Description Grateful Nomads: I’ve Reached a Turning Point…

Monday, September 17, 2012

I’ve Reached a Turning Point…

My perspective has changed since arriving here 4 1/2 months ago. It wasn’t an overnight switch, but a gradual shift from an American consciousness to a more Thai-ish consciousness. I’ve got an entirely new “normal.”

  • Uh oh! I don’t cringe when I see someone driving down the wrong side of the road, a pick-up truck loaded with children in the back, two adults with a toddler and a baby on a motorcycle, or a truck piled so high with bags of rice it looks about to fall over. People do what they need to do here, and convenience trumps safety. All you can do is look after yourself.
     
  • Run along now. I’ve accepted that students are passed along grade after grade regardless of their performance. Some of my students have been learning English for 4+ years and still don’t know the alphabet or numbers. It’s impossible to create a lesson for a class with such a wide range of abilities, but I do my best, and the school doesn’t expect any more than that. (In fact, I’m sure I could get away with a lot less.) I’ve shifted my focus instead to getting the kids to open up and just try. That’s an incredible feat but a much more likely goal.
     
  • No class today, no problem! It happens quite frequently that I will get to school to be notified that there will be no class this morning for an assembly or the boys will be missing because of a sporting event or we need you to go to Lampang to judge a competition or guess what, you have a 3-day weekend, surprise! When I first got here, I was kind of thrown for a loop. I mean, surely they knew of this earlier. Surely I could have planned a big weekend getaway. Surely they know that they are my only source of information of this kind. That type of thinking is long gone and I’ve learned to be much more flexible and off-the-cuff, qualities I’m happy to have gained.
     
  • Shyness won’t get you anywhere, but creativity gets you everywhere. Learning a language through total immersion is entirely different than learning in a class, as I had always done. It’s messy, it’s humbling, and it’s crucial you never give up. Fortunately for me, I’m in a country where the people don’t mind watching me stumble my way through a sentence or butcher the tonality in a question. I’ve gotten exceedingly creative in getting my point across using the words I already know, those I can mime, and those in my phrasebook that I’m using for the first time. So many times I’ve had to rely on the kindness and patience of the Thai people, and they never let me down. Thank you a million times for that, Thailand.

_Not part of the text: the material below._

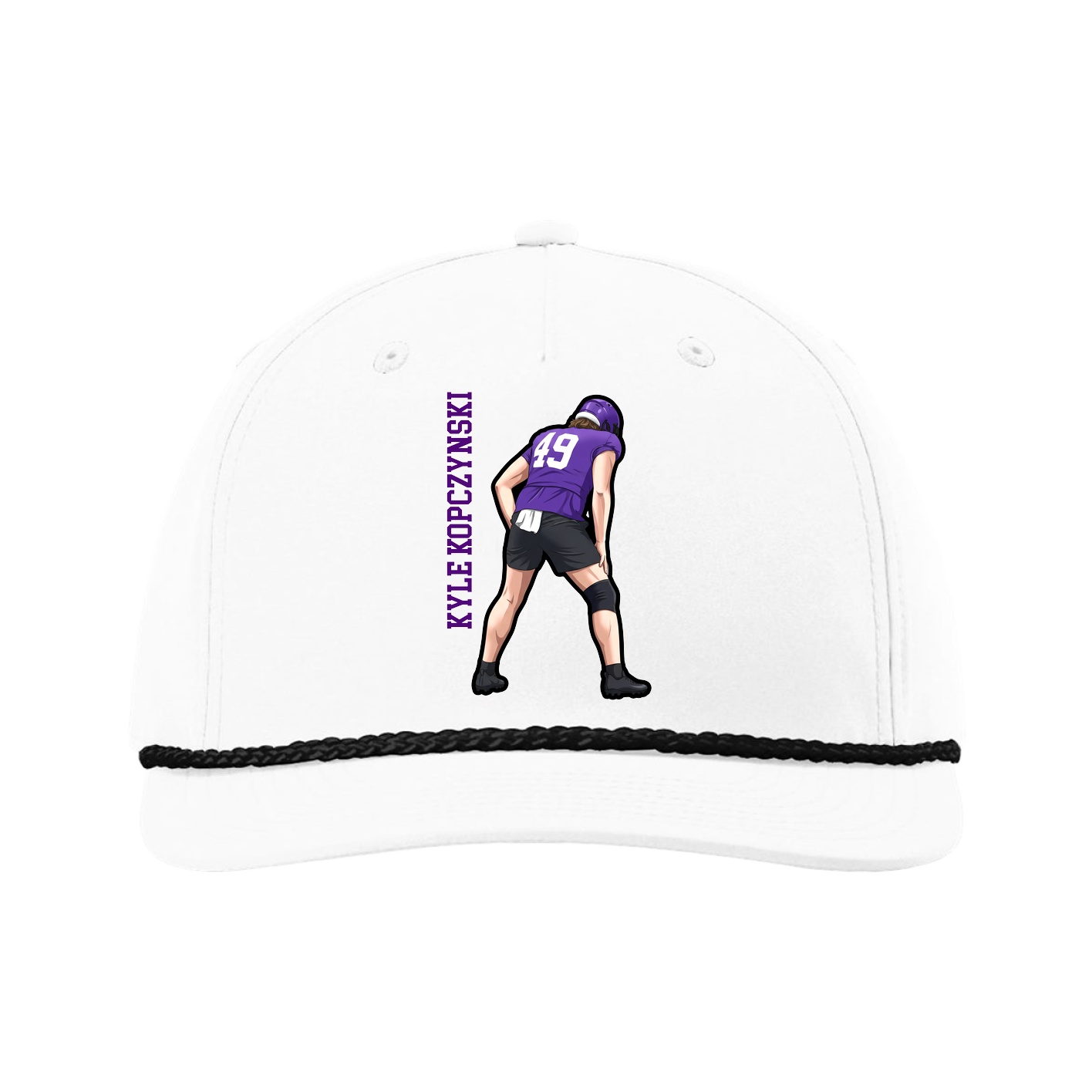 Five-Panel Classic Rope Cap — Name Vertical in White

    I’ve also become quite the ham. When you’re teaching 12-18-year-olds who don’t want to learn your subject, how else do you get them involved? I’ve opened up a part of my personality, and in return the students open up a little too. I’m sure they don’t know how much confidence they’ve given me, and I can only hope they get some back in return.
     
  • Patience, my friend. Maybe the bus we need isn’t leaving for an hour, maybe the line at immigration is so long we don’t know if we’ll be seen today, or maybe the store isn’t opening for an hour after it says it will. My whole new world has need for a whole new level of patience. Jack came here so much better than me in this regard, but I’m improving. Keeping my e-book handy definitely helps.
     
  • Don’t take it for granted. Seriously. Just because it’s yogurt doesn’t mean it will have fruit in it; sometimes it has red beans and corn. Just because it’s mouthwash doesn’t mean it will have a mint flavor; sometimes it’s salt. Now we’ve gotten to the point where we just say, “Of course, Thailand. Of course this is the total opposite of what we expected.” We’ve been transported into Jareth’s Labyrinth and Hoggle is teaching us not to make assumptions. (If you don’t get that reference, you’re missing out on an amazing fantasy world. Bookmark this page and go experience it…now!)
     
  • Minimizing fear. Probably the biggest lesson I’ve learned, and this has less to do with where I am as what I’m doing, is about failure. Even before coming here I knew that fear of something as devastating as failure is paralyzing and would stop me from becoming who I want to be and doing what I want to do. But ignoring that fear and actually experiencing failure are two different things. I fail all the time now, and I’m better for having done it. I’ll write what I think will be a really fun lesson plan and the students will be bored or they won’t understand, but I don’t scrap it altogether. I’ll take what I’ve learned from that class and change things up for the next class. One class to the next can be the difference between night and day. One of the best things about this placement is that I have the freedom to fail and no one is disappointed. They are happy I’m here and want me to be happy too. A million more thanks for that, Thailand.

In four short months, I have changed. The novelty of living in this foreign place on the opposite side of the globe may have worn off…but I still love it here. So what does that tell you?